[Task input Boundary: Start]

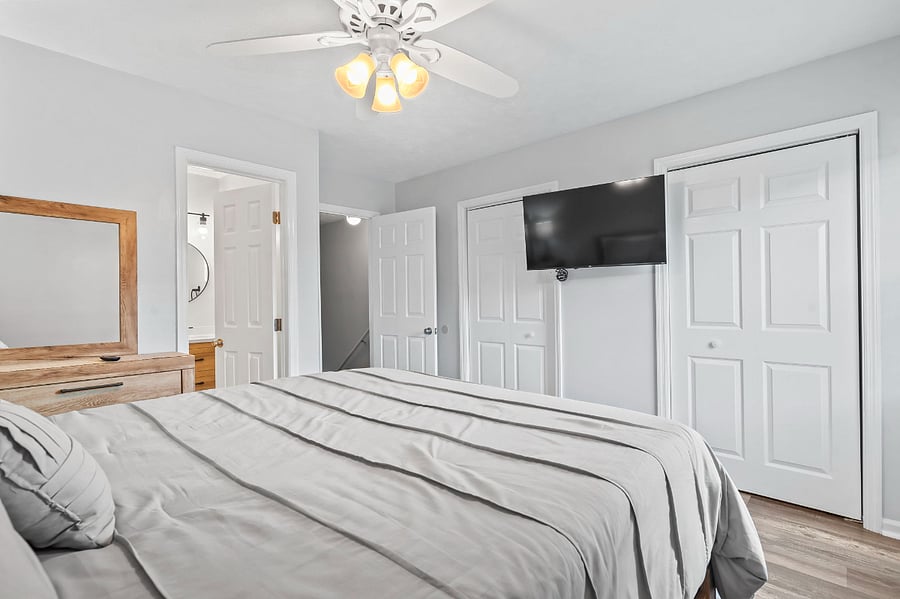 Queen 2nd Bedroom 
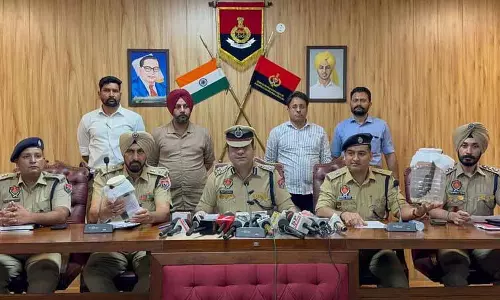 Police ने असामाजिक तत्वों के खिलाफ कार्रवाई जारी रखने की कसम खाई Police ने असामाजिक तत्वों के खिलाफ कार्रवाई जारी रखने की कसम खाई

[Task input Boundary: End]
[Task input Boundary: Start]

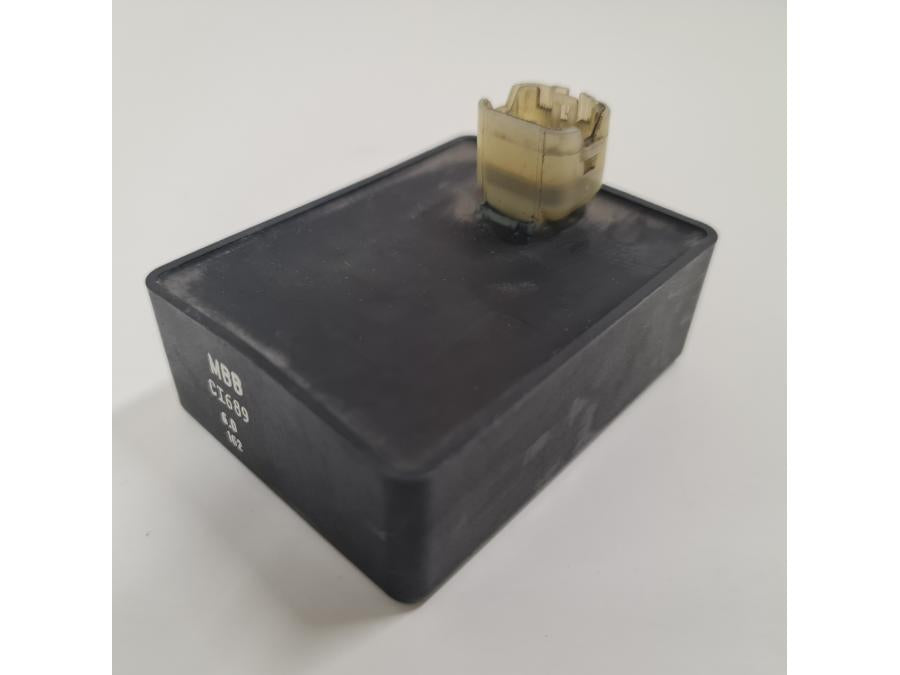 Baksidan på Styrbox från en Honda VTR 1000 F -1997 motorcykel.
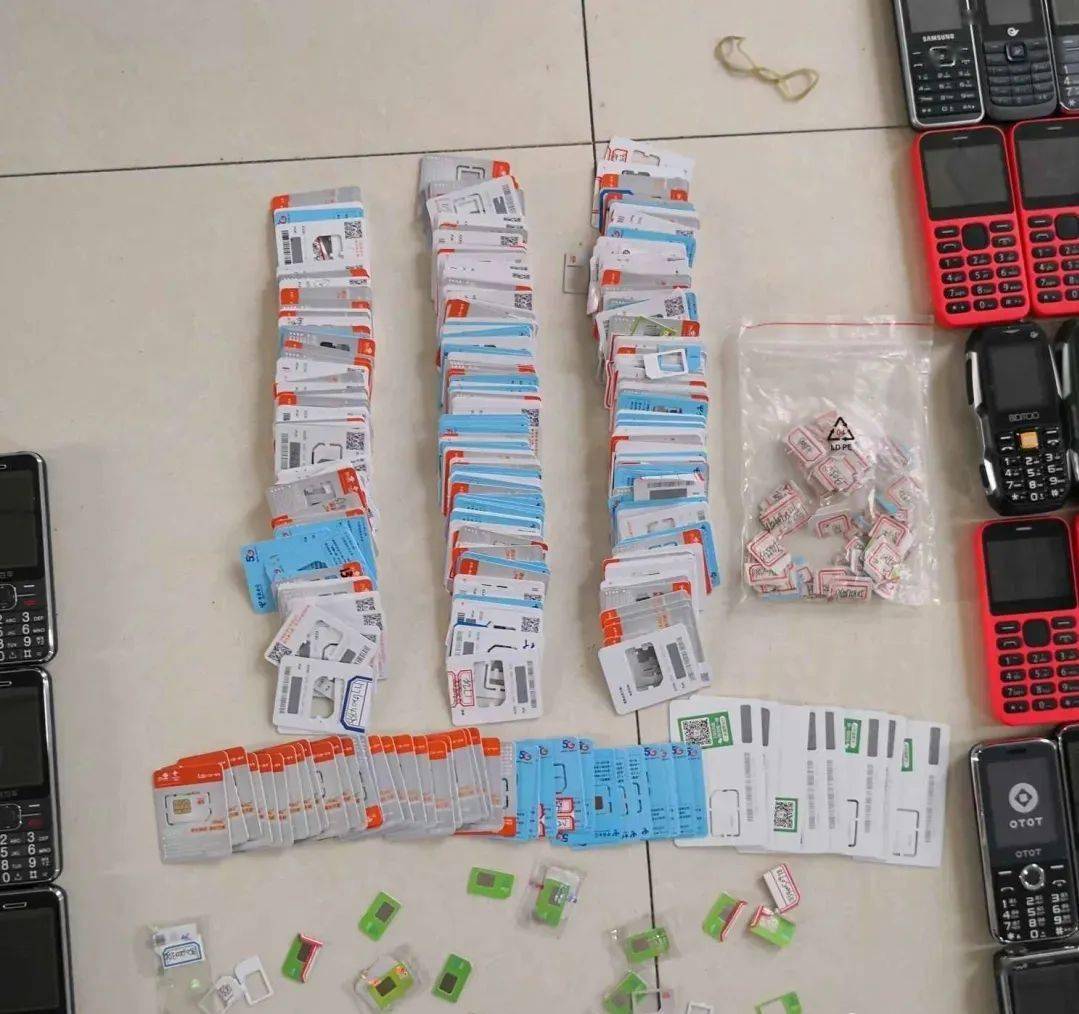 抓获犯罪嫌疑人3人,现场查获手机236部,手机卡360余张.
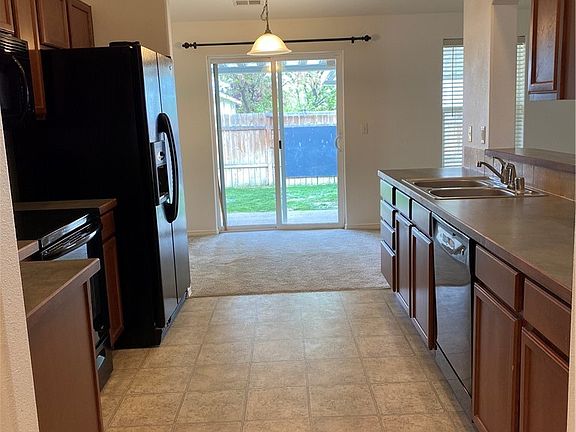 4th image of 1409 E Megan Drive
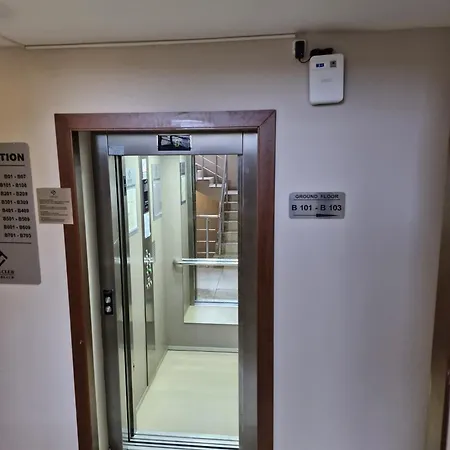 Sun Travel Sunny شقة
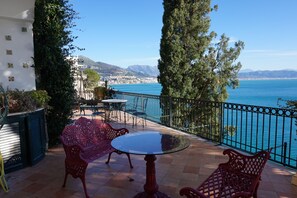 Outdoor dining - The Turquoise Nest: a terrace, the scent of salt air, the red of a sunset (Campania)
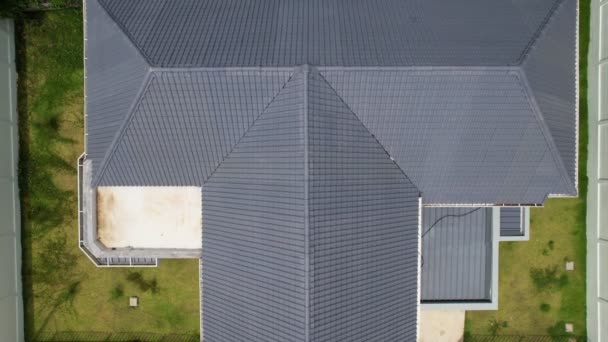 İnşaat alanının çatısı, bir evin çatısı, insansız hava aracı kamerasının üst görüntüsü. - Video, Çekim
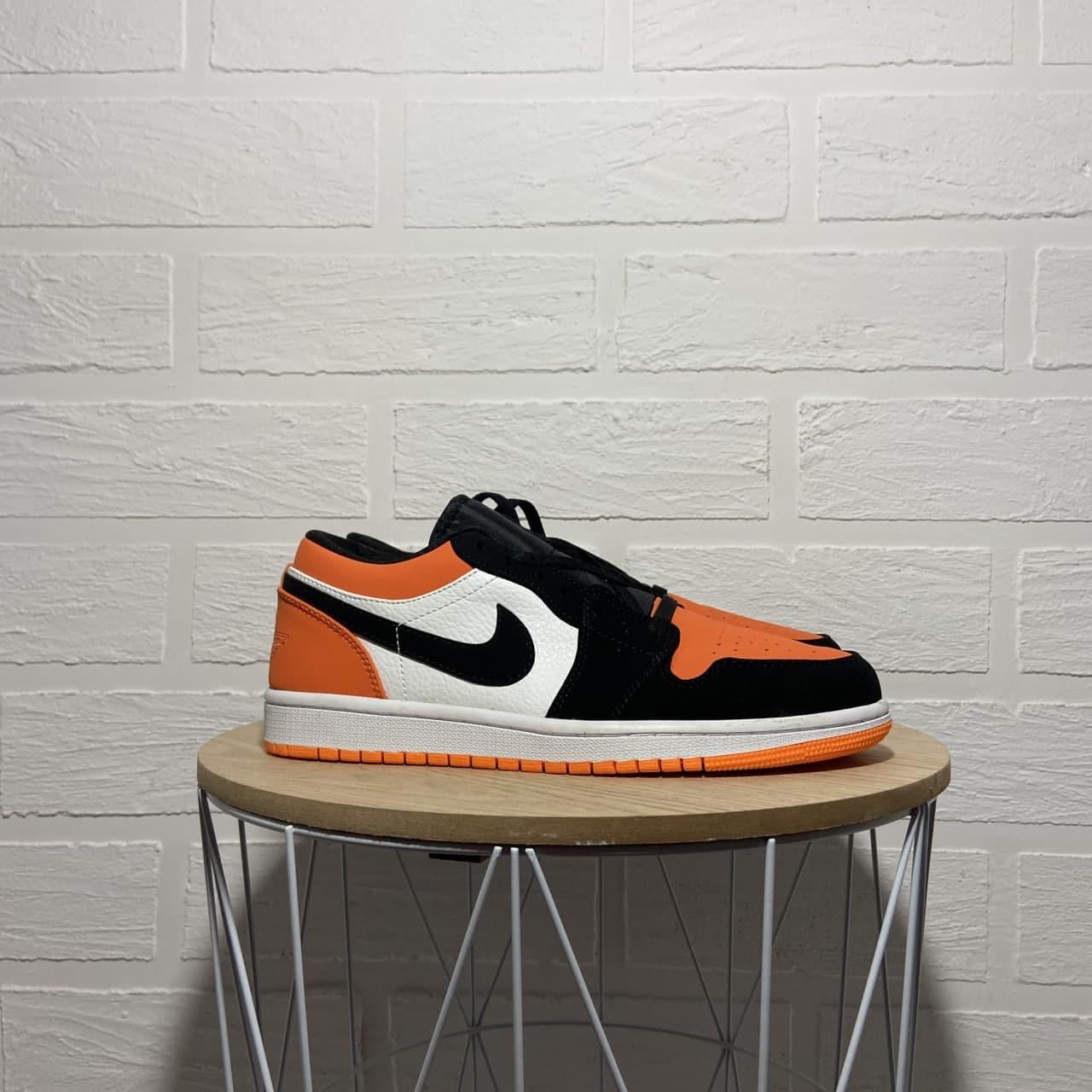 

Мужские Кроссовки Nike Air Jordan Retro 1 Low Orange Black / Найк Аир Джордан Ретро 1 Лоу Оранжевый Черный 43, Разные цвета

[Task input Boundary: End]
[Task input Boundary: Start]

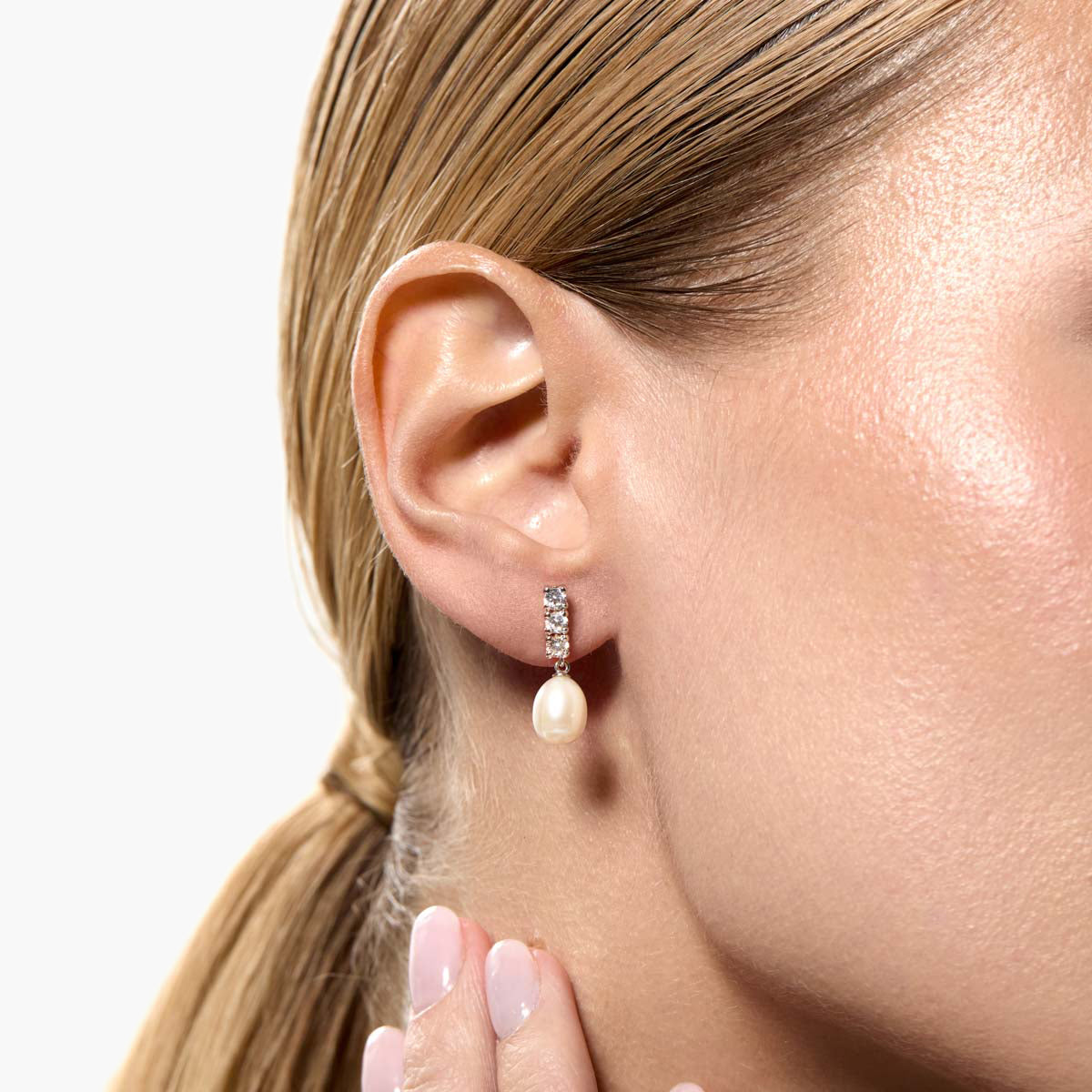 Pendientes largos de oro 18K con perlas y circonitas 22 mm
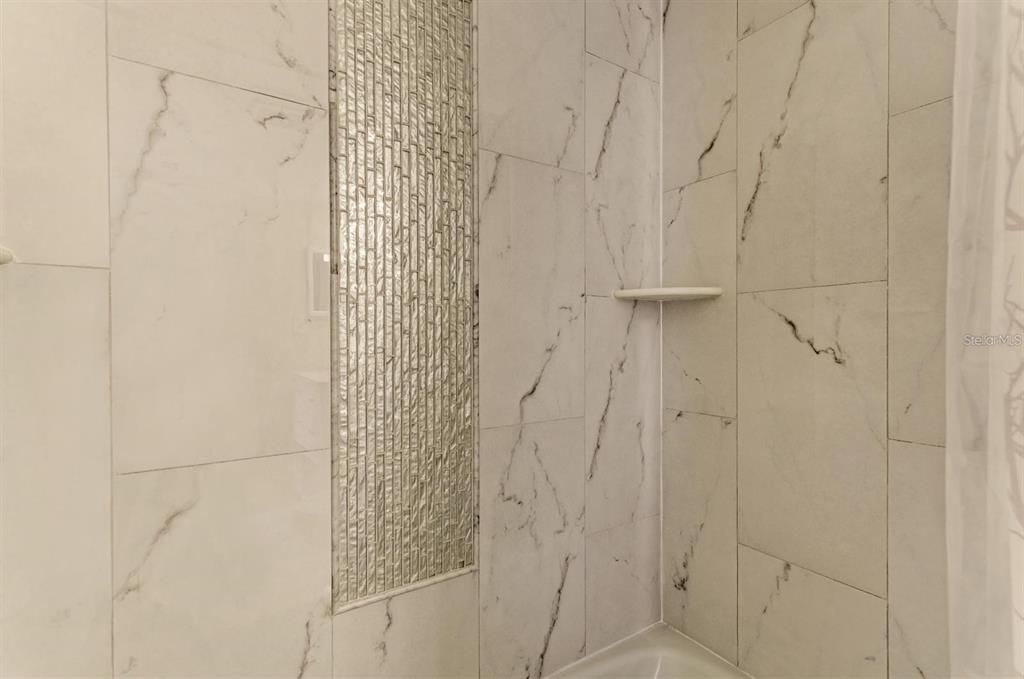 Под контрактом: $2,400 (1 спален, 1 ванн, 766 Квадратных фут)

[Task input Boundary: End]

Set the pictures aside and transcribe exactly the stretch of lines above, beginning with the one holding "Pendientes largos de" and ending with the one holding "Под контрактом: $2,400".

 Pendientes largos de oro 18K con perlas y circonitas 22 mm
 Под контрактом: $2,400 (1 спален, 1 ванн, 766 Квадратных фут)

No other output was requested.